2Tokyo Metropolitan University, Department of Computer Science, Tokyo, 191-0065, Japan
a)whom correspondence should be addressed. E-mail: prszymkowski@gmail.com
Adv. Sci. Technol. Eng. Syst. J. 6(6), 54-59 (2021); DOI: 10.25046/aj060608
Keywords: Handwriting recognition, Biometric recognition, Minutiae
Export Citations
The Japanese writing system is unique due to the number of characters employed and the methods used to write words. It consists of three different ’alphabets’, which may result in the methods used to process Latin script not being sufficient to obtain satisfactory results when attempting to apply them to a recognition of the Japanese script. The authors present an algorithm based on minutiae, i.e., feature points, to recognise the hiragana and katakana characters. A method using image processing algorithms is compared with a method using a neural network for the purpose of automating this process. Based on the distribution and type of minutiae, vectors of features have been created to recognise 96 different characters. The authors conducted a study showing the effect of the chosen segmentation method on the accuracy of the character recognition. The proposed solution has achieved a maximum accuracy at the level of 65.2%.
Received: 12 July 2021, Accepted: 12 October 2021, Published Online: 20 November 2021
1 Introduction
This paper is an extension of work originally presented in The International Conference on Graphics and Signal Processing [1]. The Japanese writing system consists of three types of characters: kanji, hiragana and katakana. The hiragana and katakana characters are found only in Japan. They are syllabaries, which means that a single written character stands for a single spoken syllable. Hiragana is mainly used to write prefixes and suffixes of the Japanese words, particles and words of Japanese origin which for some reason are not written in the kanji characters. Hiragana is also used to write furigana, a reading aid for the difficult or unusual kanji characters. It is often found in books for children and teenagers.
Katakana is used to write first names, surnames and words of foreign origin. It is also applied for onomatopoeia (mimetic words), which frequently occur in Japanese. The two previously discussed syllabaries each contain 46 characters each.
The last group of characters are the kanji characters. These characters have been borrowed from the Chinese language. The number of the kanji characters in Japan is estimated to be approximately 50,000, but the average Japanese needs circa 3,000 characters for the use on an everyday basis. The kanji characters are used to write the subject of words. Unlike the hiragana and katakana, the kanji characters have different manners of reading. The way they are read depends on whether they stand alone or are accompanied by other characters. One kanji character can have even more than 10 different ways of reading.
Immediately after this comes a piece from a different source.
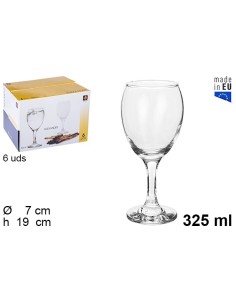 COPA 325ML CRISTAL AGUA ALEXANDER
The quantity and complexity of the writing system in relation to the 26 characters of the Latin alphabet results in the fact that recognition methods and algorithms for the purpose of writing should be subject to a change.
2 State of the Art
For the purpose of the recognition of the Japanese writing system, publications on the on-line recognition are easier to find than the off-line ones. The key publications presenting a cross-section of ongoing studies on this very subject matter will be introduced below.
2.1 Deep Convolutional Recurrent Network
The first solution presented uses deep convolutional recurrent neural networks in order to recognise single lines of text written in Japanese [2]. The network used consists of three layers: a convolutional feature extractor, recurrent layers and transcription layers [3]. Prior to the recognition itself, a preprocessing of the images is required. This consists of normalising, i.e., homogenising the samples, and binarizing them with the use of the Otsu’s method. The authors use the TUAT Kondate database. Another aspect presented in this paper constitute the artificially generated samples, developed on the basis of the previously mentioned database. The model presented here shows a character recognition rate at the level of 96.35% when using only the data from the database, and at the level of 98.05% when using also the artificially generated data. The generation of these data is based on the use of the local and global elastic distortions.
2.2 Extended Peripheral Direction Contributivity
The recognision method of the Japanese writing system presented by the authors [4] adopts the Extended Peripheral Direction Contributivity method. It is one of the more commonly used directional features. The feature vector is developed in the following manner. First of all, the image is scanned from their peripheral to inner part in the eight directions. Then, on each black pixel of the contour of the first, second and third line encountered in each direction, the run-length li in each of the eight directions is calculated and the direction contributivity di (i = 1, 2, …, 8) is calculated for the pixel using (1) [5].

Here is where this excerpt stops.